Several pretreatments such as physical, chemical, biological, and combination (Figure 2, Table S2) treatments have been applied to improve AD. Pretreatments applied alone, especially physical and chemical, are the most explored, while their combinations have been less examined (Figure 2, Table S2). This could be explained by the high capital cost investment required to integrate pretreatments into the AD process, and also by the difficulty of large-scale implementation [40].
Heat application (i.e., autoclave and thermal) is the most reported treatment among physical pretreatments, alone and in combination (Figure 2). High temperatures are successful in lysing cells and increasing the solubilization of organic materials such as polysaccharides and protein, increasing soluble chemical oxygen demand in the liquid and solid fraction of the textile waste [42,43] and favoring biogas generation.
Sonication and liquid nitrogen (LN2) are mechanical pretreatments that are highly efficient in the disruption and disintegration of complex bonds in the substrate chemical structure [44,45]. Although the application of these pretreatments has a positive effect, the increase in methane yield is limited, which may be a result of the reduction and/or inhibition of AD caused by the presence of some chemicals released from the substrate. As a result, the implementation of these pretreatments may become economically unfeasible [45].

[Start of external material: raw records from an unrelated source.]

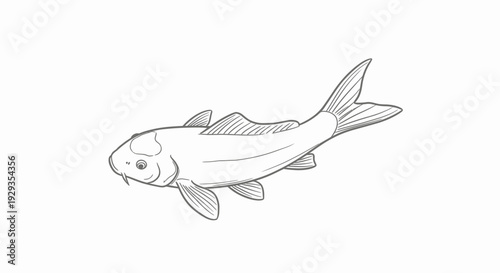 Koi Fish Drawing, Japanese Carp Sketch, Asian Aquatic Animal Illustration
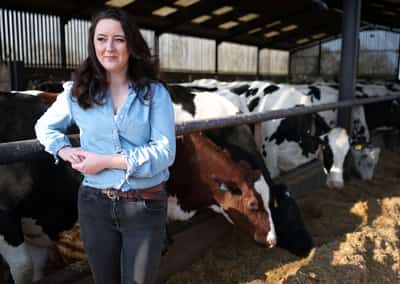 Image for Milk price slide leaves UK dairy farmers on the brink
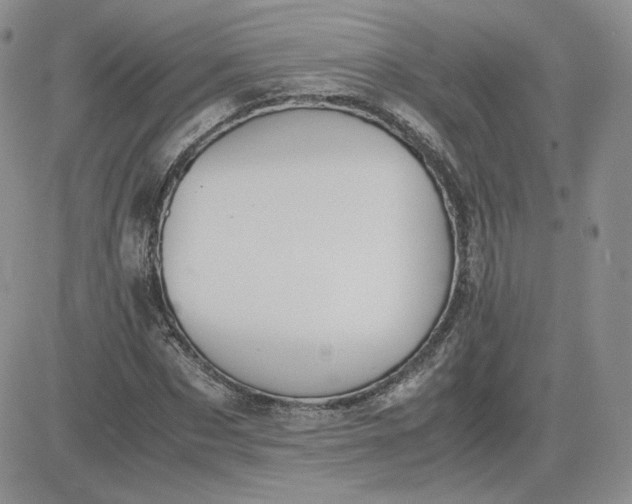 X0000081290873200701251650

The diversity in chemical pretreatments is the largest (Figure 2), with microaeration (n = 11) being the most applied. Oxygen addition impacts the biological microbial process and microbial electrolysis in addition to inhibiting the production of hydrogen sulfide (H2S), promoting a more stable AD process [27]. Other chemical pretreatments such as alkaline, acids, and organic solvent additions have been shown to be highly efficient in breaking down complex structures and increasing the availability of fermentative sugars for enzymatic hydrolysis [46]. However, when applied at high doses, they can generate methanogenesis-inhibiting bioproducts such as furfural and vanillin [47].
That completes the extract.